Unless you were shooting for very serious responses…if so, I got nothing since I’m really torn on the whole Santa Claus or not thing. I don’t want my kids to not believe and spoil it for others’ kids who do, but at the same time, I personally am not a huge fan of the Santa Claus stuff and would rather focus on God coming to earth as a man, and how He was miraculously conceived and born.
Kris Kringled… Classic Preston.
I love that there is a real story behind St. Nick that points to Jesus. Nice work!
I wish I could claim that as my own, Matt. Unfortunately, the Kris Kringled comment came from the other blog post that I referenced. It was too good not to repeat it here!
So, was St. Nick’s last name Athanasius, because I was under the impression Athanasius punched Arius. Just curious, I could be mistaken 😀
Also, my wife has been working on any amazing article: Santa is an Anti-Christ… I like the historical context to your reminder that this season is about our King and not some inebriated man with an eating problem. It reminded me of her article. In a nutshell:
Santa is omnipotent(to deliver gifts all over),omnipresent (sees you when you’re sleeping and when you’re awake), omniscience (he knows if you’ve been bad or good),a moral enforcer (so be good for goodness sake), and is just all around a false gospel : works based lifestyle for temporary meaningless gifts, doing things for personal, selfish motives if not for some immaterial ideal (goodness). This is all counter to the grace based, personal, eternal, life giving relationship and love of Christ our King.

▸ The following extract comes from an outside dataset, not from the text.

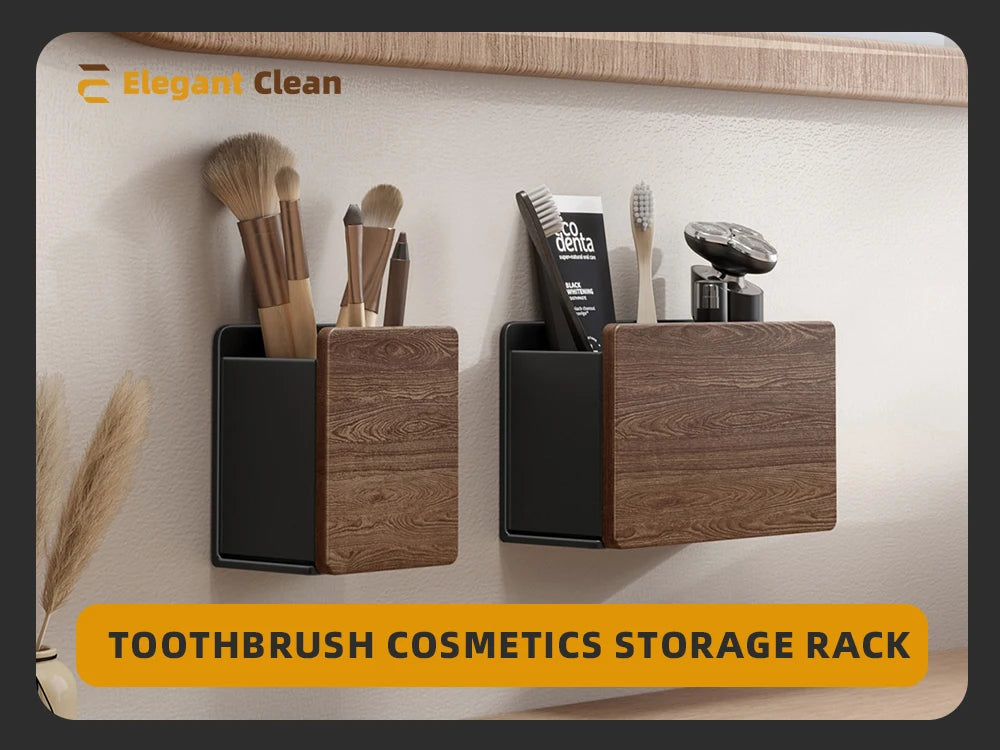 Solid wood Bathroom Storage Rack Punch-free installation Wall mounting Can store toothbrush toothpaste comb and cosmetics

Also my contribution to her article: Santa =s+a+t+a+n It’s an anagram
Malone,
Thanks for dropping in. Ya, I heard the whole Athanasius thing too, but from the research I did, it was St. Nick and not Athanasius and they are not the same person. But if you dig up something different, let me know. I’m not an expert on this stuff.
Sounds like a great article!
So the legend goes: “A later writer claimed that after Arius had presented his case against Jesus’ divinity to the Council, Nicholas hit Arius in the face out of indignation. Nicholas was kicked out of the Council for this offence, and jailed as well.”
There are paintings/frescoes depicting this event. Of course you may be interested in the rest of the story:
“However, according to this account, that night the Virgin Mary appeared in a vision to many of the bishops of the Council, telling them to forgive Nicholas, for he had done it out of love for her Son. They released Nicholas and allowed him back into the process the next day.”
Hagiographies make for interesting reading, to say the least.